Tags: Enron | Skilling | prison | shortened

Enron's Skilling Reaches Deal for Shortened Sentence

Wednesday, 08 May 2013 02:44 PM

Jeffrey Skilling, the former chief executive of Enron Corp., has reached an agreement with federal prosecutors that could shorten his 24-year prison term in connection with the collapse of the energy company.

According to court papers, the government and Skilling have agreed to recommend that Skilling be resentenced at a June 21 hearing to a term of 14 to 17-1/2 years, a period that could be reduced for good behavior.
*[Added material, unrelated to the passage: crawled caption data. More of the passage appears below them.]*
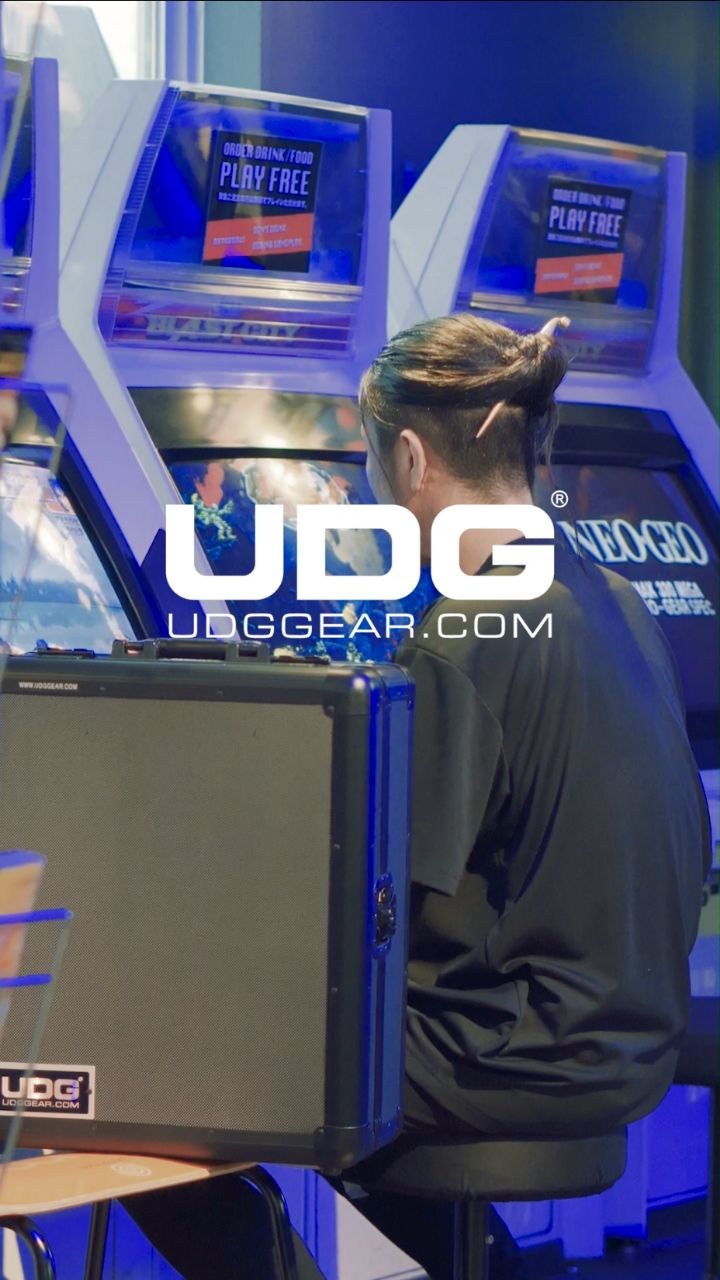 U93011BL Ultimate Pick Foam フライトケース M Black
Model:KO-ney (@ko_ney1986 )
Camera:JYUJIRO (@yamamoto_jyujiro_ )
Directed by Finger Clickz (@fingerclickz )
Location:TOKYO VIDEO GAMERS (@tvg_akiba )
#UDG #UDGtokyo
#FingerClickz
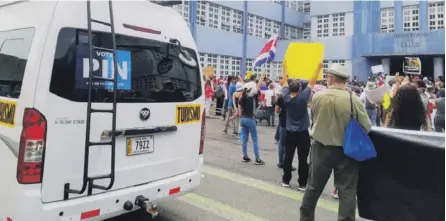  ?? REProDucci­Ón ?? A la manifestac­ión antivacuna­s frente al Ministerio de Salud llegó una buseta con una calcomanía del Partido Integració­n Nacional (PIN). La agrupación política se desmarcó del asunto.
Skilling, 59, has been in prison since December 2006, following his conviction by a Houston federal jury on 19 counts of securities fraud, conspiracy, insider trading and lying to auditors.

"The proposed agreement brings certainty and finality to a long painful process," Skilling's lawyer, Daniel Petrocelli, said in a statement. "Although the recommended sentence for Jeff would still be more than double any other Enron defendant, all of whom have long been out of prison, Jeff will at least have the chance to get back a meaningful part of his life."

The proposed sentence also calls for Skilling to make more than $40 million in restitution to Enron victims and end his appeals of his conviction.

Skilling has long maintained his innocence, and according to court filings had been pursuing a new trial.

"This agreement ensures that Mr. Skilling will be appropriately punished for his crimes and that victims will finally receive the restitution they deserve," said Peter Carr, a U.S. Department of Justice spokesman. "Mr. Skilling will no longer be permitted to challenge his conviction for one of the most notorious frauds in American history."

A new sentence would be imposed by U.S. District Judge Sim Lake in Houston, who had ordered the original 24-year sentence.

In 2009, the 5th U.S. Circuit Court of Appeals upheld Skilling's conviction, but called his sentence too harsh. The following year, the U.S. Supreme Court also upheld the conviction, but rejected one legal theory behind it. Then in 2011, the 5th Circuit reaffirmed the conviction.